Pic of it?....and are they costly?


----------



## whitey7 (Aug 20, 2014)

Well over $100. That's why I made mine out of scrap parts. Already had dolly wheels, 5/8 rod, and some of the pvc.


----------



## whitey7 (Aug 20, 2014)

Here's the one I made. I've since added larger tires, painted it, and added pipe insulation. Tires I got from the work dumpster.


----------



## Saugeye Tom (Oct 6, 2010)

whitey7 said:


> Well over $100. That's why I made mine out of scrap parts. Already had dolly wheels, 5/8 rod, and some of the pvc.


Ouch


----------



## EStrong (Jul 23, 2014)

Nice Tom! I went on a canoe hunting/fishing trip the other day, left the wheels at home. 

View media item 79485


----------



## Saugeye Tom (Oct 6, 2010)

EStrong said:


> Nice Tom! I went on a canoe hunting/fishing trip the other day, left the wheels at home.
> 
> View media item 79485


Me too


----------



## SMBHooker (Jan 3, 2008)

Nice work Tom, we'll put it to the test next season.


----------



## SMBHooker (Jan 3, 2008)

I have a cheap one that I usually avoid using because the straps that came with it never held farther than 15 yards before letting loose....super frustrating. On a trip to some new waters this spring where a long treck to put in required it I used rachet straps and man what a difference. I would recommend investing in a small rachet strap when ya gotta bring the kayak tote.


----------



## Saugeye Tom (Oct 6, 2010)

SMBHooker said:


> I have a cheap one that I usually avoid using because the straps that came with it never held farther than 15 yards before letting loose....super frustrating. On a trip to some new waters this spring where a long treck to put in required it I used rachet straps and man what a difference. I would recommend investing in a small rachet strap when ya gotta bring the kayak tote.
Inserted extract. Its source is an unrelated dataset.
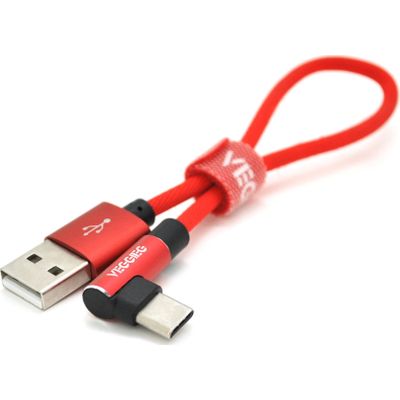 Дата кабель USB 2.0 AM to USB-C 0.25m 2.4A red VEGGIEG (YT-UT-20R)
That's how it hooks on...a rachett strap


----------



## Longhorn (Oct 26, 2014)

The C-Tugs are nice, but I have an older version with pneumatic tires. They never hold air worth a crap and I don't want to spend even more money on the new wheels for it.


----------



## SMBHooker (Jan 3, 2008)

Here's another option without air in the tires. 

http://www.canoekayak.com/gear/seattle-sports-boat-carts/#c78epPHWTViSeysM.97


----------



## scallop (Apr 1, 2007)

If building yourself out of PVC it is better to extend the vertical rods so they fit into and come out of your rear scupper holes. Keeps the yak on the cart better and pretty much eliminates the need for straps, at least for shorter flatter drags.


----------



## Saugeye Tom (Oct 6, 2010)

scallop said:


> If building yourself out of PVC it is better to extend the vertical rods so they fit into and come out of your rear scupper holes. Keeps the yak on the cart better and pretty much eliminates the need for straps, at least for shorter flatter drags.


Thanks man


----------



## scallop (Apr 1, 2007)

I will try to find the u toob video that shows a construction method when I get home. Super simple and pretty cheap alternative to spending $100 plus for a ready made


----------



## scallop (Apr 1, 2007)

Here is one


----------



## BuzzBait Brad (Oct 17, 2014)

I've been meaning to make one for a few years now. Maybe that's what I'll do in the next few weeks.


----------



## Saugeye Tom (Oct 6, 2010)

BuzzBait Brad said:


> I've been meaning to make one for a few years now. Maybe that's what I'll do in the next few weeks.


Not too hard and cheap


----------



## Doboy (Oct 13, 2008)

Saugeye Tom said:


> Not too hard and cheap



"Cheap"!,,,,,,,, you 'rang'?
I'll slam on the breaks, & pick up EVERY DISCARDED 'HOT-WHEELS' that I see,,,,, trash day or garage sale!
Super wide HD (sand proof) molded plastic tires & axles,,,,,, Put the axle through some PVC pipe & build up to the scupper holes from there. SUPER EASY & light. Heck,, just cut the hot wheels in half, in front of the seat,,,,,,,,,, add 2 straps & your done! Supper ugly,,,,,,,,,,,,,,, ;>)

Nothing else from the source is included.